L'opposition a réagi avec ironie aux mesures qui ont été prises par le séminaire. "Jospin achète un répit à coup des milliards avec une facture pour l'après 2002." "Elles sentent, dit J.-P. Raffarin, un parfum électoraliste." Est-ce que les mesures qui ont été prises sont définitives ? Vous n'allez pas aller au-delà ou bien il y en a d'autres qui vont arriver pour répondre aussi au PC qui les réclament ?
- "Il y en a sûrement d'autres. Hier, c'était une réunion de gouvernement qui suivait un séminaire mais qui sera suivie d'autres réunions de gouvernement. Prenez par exemple le dossier sécurité et surtout le dossier de prise en charge des mineurs : on est dans la continuité de ce qu'on voulait faire. La circulaire d'action publique est prête. Donc, on est vraiment dan cette continuité. Ce n'est pas fini. On est au mois d'avril."

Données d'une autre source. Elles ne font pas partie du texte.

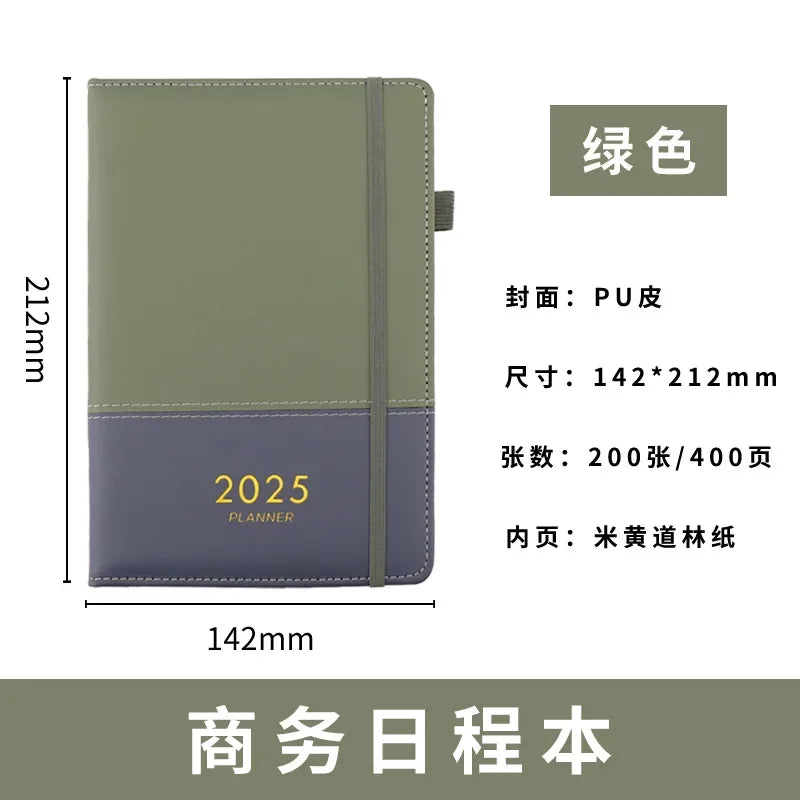 2025 Agenda Book Customized Logo Time Management A5 Plan Book English Notepad Business Diary Wholesale agenda planner  diary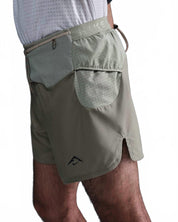 Men's Trail Second Sunrise Dri-Fit 5" Brief-Lined Running Shorts In Light Army/jade Horizon/desert Khaki/black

Il y a encore de l'argent à distribuer ?
- "On a des arbitrages budgétaires. Ce n'est pas un problème d'argent à distribuer, c'est un problème de priorités à définir. Il y aura donc jusqu'en juillet des discussions budgétaires entre nous. Et puis, le Parlement arrive au mois de septembre pour le budget lui-même et sa discussion. Je crois qu'il faut surtout arrêter de penser que tout d'un coup, il y aurait des distributions de bonbons et après on ferme le paquet. Le problème n'est pas là."
Vous avez encore de bonbons ?
- "C'est un problème de cohérence politique. Ce n'est pas un problème de réserve."
Y a-t-il a encore des bonbons ?
- "'Il y a de priorités à définir. Je crois que chacun d'entre nous était d'accord pour qu'au fur et à mesure que la discussion budgétaire s'engage et que le Parlement va avoir ses propres demandes on évolue."
C'est encore une année de cohabitation. Ce n'est pas une année de trop ?
- "Non. Je ne comprends pas ce qui se passe depuis quelques temps : pour de faits que j'ignore, on dit que tout d'un coup : "Ca y est, c'est fini. On est quasi à genoux." Non, on est déterminés à aller jusqu'au bout parce qu'on a l'impression de ne pas avoir fini notre travail. Cette espèce de volonté de faire encore ressemble presque à un acharnement à réussir, c'est intéressant."
Même L. Jospin ne comprend pas ce qui arrive ?
- "Sûrement pas. On n'en a pas parlé hier. Je ne sais pas s'il a essayé de comprendre. Comme moi je ne comprends pas et que je ne suis pas capable de lui donner une réflexion, je crois qu'il doit être dans le même état."
Un juge d'instruction des Vosges enquête sur une plainte contre C. Pierret pour détournement de suffrages. Il veut convoquer le Premier ministre a propos du cumul de mandats. Qu'est-ce que vous en pensez en tant que ministre de la Justice ?
- "Même si je n'interviens pas dans les affaires d'une manière globale, je pense que les parquetiers et les procureurs concernant les plaintes ont beaucoup de choses à faire et je n'ai pas eu l'impression que cette déclaration était très importante pour la société française."